CLEVELAND -- In an executive order, County Executive Armond Budish banned Cuyahoga County employees from any non-essential official travel to the State of North Carolina.
Budish's order is in response to the "Public Facilities Privacy and Security Act," which was passed on March 23. The act prohibits cities and other localities in North Carolina from passing anti-discrimination ordinances that protect lesbian, gay, bi-sexual, transgender and questioning (LGBTQ) communities.
Cuyahoga County has adopted an Equity Plan, which ensures equal treatment for members of the LGBTQ communities.

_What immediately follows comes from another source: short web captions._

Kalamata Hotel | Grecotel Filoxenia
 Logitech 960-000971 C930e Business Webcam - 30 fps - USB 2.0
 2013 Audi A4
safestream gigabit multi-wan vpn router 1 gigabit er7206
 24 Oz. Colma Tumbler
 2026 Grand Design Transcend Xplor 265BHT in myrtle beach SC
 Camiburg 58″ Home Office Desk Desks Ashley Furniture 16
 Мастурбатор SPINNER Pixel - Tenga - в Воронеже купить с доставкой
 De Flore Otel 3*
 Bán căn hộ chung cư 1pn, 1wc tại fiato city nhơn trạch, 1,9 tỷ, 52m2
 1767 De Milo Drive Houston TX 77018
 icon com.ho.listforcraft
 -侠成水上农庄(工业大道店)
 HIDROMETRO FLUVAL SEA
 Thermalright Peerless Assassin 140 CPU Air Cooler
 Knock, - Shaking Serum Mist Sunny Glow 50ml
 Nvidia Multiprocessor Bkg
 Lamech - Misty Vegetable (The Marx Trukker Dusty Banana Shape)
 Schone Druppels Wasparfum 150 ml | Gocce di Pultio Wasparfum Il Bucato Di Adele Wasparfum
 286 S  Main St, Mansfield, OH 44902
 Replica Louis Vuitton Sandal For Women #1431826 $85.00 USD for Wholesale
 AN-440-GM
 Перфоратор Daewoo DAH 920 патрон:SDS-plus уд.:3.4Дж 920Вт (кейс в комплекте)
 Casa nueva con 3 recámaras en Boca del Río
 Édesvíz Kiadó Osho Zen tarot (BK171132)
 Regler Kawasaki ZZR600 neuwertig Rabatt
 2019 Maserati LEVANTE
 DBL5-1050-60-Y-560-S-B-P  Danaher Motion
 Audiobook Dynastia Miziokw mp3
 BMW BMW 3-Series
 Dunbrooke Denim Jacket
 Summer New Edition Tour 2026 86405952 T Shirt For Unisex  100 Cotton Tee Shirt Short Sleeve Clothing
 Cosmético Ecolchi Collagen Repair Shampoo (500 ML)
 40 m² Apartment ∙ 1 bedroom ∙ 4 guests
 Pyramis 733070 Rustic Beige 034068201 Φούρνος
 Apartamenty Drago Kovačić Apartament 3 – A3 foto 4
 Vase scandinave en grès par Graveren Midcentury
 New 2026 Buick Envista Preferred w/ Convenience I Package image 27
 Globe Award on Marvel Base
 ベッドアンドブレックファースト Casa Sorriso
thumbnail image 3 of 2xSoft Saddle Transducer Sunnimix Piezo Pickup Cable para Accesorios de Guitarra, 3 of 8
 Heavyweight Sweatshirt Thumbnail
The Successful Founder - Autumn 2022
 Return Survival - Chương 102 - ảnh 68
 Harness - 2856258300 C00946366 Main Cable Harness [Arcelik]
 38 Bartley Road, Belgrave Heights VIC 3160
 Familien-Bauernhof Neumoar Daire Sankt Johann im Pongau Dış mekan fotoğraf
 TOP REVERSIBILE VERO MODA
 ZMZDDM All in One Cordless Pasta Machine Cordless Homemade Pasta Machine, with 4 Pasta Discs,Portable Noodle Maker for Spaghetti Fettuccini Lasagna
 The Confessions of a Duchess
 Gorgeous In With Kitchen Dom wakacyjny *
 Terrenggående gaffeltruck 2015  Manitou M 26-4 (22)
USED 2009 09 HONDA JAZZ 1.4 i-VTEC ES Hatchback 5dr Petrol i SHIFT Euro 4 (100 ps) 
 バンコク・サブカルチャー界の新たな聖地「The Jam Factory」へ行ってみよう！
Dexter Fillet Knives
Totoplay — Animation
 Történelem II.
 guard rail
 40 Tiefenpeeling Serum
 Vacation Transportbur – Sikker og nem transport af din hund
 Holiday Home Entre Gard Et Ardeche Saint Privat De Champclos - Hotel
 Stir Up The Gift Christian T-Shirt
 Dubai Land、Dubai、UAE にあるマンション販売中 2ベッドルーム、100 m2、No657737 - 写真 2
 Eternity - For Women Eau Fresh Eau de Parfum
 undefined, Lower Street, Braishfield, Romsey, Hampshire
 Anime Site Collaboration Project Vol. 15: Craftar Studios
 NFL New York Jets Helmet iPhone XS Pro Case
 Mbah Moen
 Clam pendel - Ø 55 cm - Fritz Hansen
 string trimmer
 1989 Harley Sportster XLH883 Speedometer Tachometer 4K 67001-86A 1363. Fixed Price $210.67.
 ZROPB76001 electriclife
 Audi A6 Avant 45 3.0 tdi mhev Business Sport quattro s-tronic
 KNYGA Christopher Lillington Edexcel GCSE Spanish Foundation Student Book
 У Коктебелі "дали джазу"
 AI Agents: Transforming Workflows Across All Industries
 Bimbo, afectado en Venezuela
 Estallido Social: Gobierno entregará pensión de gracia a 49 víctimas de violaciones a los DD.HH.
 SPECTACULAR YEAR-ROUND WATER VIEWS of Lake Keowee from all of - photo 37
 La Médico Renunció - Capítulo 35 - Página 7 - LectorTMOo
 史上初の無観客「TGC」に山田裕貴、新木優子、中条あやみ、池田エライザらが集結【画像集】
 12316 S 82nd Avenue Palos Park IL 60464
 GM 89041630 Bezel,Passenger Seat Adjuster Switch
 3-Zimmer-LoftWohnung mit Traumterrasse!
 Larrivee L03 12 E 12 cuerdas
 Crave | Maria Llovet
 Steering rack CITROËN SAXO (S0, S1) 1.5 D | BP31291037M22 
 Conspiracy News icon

"A major pillar of this administration is fairness and equity for all persons. We deplore the radical action recently taken by the state government of North Carolina, and we will not support such action with our tax dollars," said County Executive Budish. "Moreover, we invite those businesses that share our views, such as Pepsi, Hewlett-Packard, Google, Dow Chemical, IBM and Apple, to bring their business to a much more welcoming location, Cuyahoga County. That is directly contrary to the values that we hold in Cuyahoga County. We believe in fairness and equity and treating all people fairly with equity. I thought that was determined years ago nationally. Apparently North Carolina does not agree."
The fallout continues for North Carolina Gov. Pat McCrory who is standing pat on his controversial law. The bill was in response to a Charlotte bill allowing transgender people to use the restroom of their choice.
"Well, I respect disagreement," said Governor McCrory. "The locker room we used down the hall here and downstairs was separated for boys and girls. And that's frankly a policy, and a standard that I think should remain."
"It's extreme and goes well beyond on dealing with bathrooms," said Budish. "It eliminates any legislation on any subject related to protecting LGBT individuals. It could affect housing. It could affect employment."
"That's the only reason we had that interaction with the state legislature to ensure that that expectation of privacy would remain in our high schools, in our universities and our community colleges," said Governor McCrory. "And for those who disagree with that basic norm, they have that decision to make."
Budish admits, employees don't normally travel to the North Carolina anyway, but says this is more emblematic.
"We don't want our taxpayer money spent to support a state that would take that position, but it is symbolic," said Budish. "We need to express our voice."
More people are expressing their voice. Cleveland's LGBT Center is also speaking out.
The Executive Order remains in effect until the Act is repealed or amended to allow local North Carolina jurisdictions to enact laws protecting LGBTQ communities from discrimination.